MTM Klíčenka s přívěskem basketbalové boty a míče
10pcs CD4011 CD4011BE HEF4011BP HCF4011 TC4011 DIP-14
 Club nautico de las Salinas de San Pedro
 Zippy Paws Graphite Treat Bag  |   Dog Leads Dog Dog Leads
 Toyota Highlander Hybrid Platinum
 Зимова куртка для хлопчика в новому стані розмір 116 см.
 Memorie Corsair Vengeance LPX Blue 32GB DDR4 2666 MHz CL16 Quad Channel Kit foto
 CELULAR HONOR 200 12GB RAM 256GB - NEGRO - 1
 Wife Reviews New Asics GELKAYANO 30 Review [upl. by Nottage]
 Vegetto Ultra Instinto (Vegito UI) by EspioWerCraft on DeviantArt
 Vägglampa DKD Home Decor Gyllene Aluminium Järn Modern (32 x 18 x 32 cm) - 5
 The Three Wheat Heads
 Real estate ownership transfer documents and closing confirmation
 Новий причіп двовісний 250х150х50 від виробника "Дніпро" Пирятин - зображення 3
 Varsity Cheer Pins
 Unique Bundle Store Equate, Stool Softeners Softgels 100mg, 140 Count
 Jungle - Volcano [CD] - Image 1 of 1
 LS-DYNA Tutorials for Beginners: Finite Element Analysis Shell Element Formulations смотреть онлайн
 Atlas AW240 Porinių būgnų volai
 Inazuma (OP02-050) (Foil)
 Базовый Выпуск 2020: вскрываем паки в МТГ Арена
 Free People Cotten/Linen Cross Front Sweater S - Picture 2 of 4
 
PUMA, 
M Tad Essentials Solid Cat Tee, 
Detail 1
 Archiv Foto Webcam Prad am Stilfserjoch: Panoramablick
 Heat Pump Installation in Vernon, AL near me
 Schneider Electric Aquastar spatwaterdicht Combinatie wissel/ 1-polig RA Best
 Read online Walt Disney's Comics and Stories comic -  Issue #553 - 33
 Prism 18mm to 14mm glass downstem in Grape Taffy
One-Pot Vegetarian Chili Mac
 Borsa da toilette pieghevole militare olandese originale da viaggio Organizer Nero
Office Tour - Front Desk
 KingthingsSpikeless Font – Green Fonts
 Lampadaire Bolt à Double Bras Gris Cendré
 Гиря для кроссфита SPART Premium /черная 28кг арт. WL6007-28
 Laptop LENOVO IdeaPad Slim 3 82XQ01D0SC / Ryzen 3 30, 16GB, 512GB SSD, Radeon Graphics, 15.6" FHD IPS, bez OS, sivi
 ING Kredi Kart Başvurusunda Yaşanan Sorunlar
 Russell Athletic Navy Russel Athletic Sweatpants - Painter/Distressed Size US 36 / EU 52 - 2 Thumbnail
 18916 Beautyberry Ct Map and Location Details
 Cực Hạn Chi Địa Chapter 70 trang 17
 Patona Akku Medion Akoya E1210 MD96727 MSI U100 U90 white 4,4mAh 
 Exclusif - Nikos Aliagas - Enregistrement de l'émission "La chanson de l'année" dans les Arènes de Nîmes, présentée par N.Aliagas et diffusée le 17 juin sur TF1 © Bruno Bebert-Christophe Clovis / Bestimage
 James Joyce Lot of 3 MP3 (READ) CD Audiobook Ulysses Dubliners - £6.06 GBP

┄┄┄┄┄┄┄┄┄┄

Write out the material above exactly, please, from its first line up to and including the line where "Vegetto Ultra Instinto" appears, and stop there.

## Result
MTM Klíčenka s přívěskem basketbalové boty a míče
10pcs CD4011 CD4011BE HEF4011BP HCF4011 TC4011 DIP-14
 Club nautico de las Salinas de San Pedro
 Zippy Paws Graphite Treat Bag  |   Dog Leads Dog Dog Leads
 Toyota Highlander Hybrid Platinum
 Зимова куртка для хлопчика в новому стані розмір 116 см.
 Memorie Corsair Vengeance LPX Blue 32GB DDR4 2666 MHz CL16 Quad Channel Kit foto
 CELULAR HONOR 200 12GB RAM 256GB - NEGRO - 1
 Wife Reviews New Asics GELKAYANO 30 Review [upl. by Nottage]
 Vegetto Ultra Instinto (Vegito UI) by EspioWerCraft on DeviantArt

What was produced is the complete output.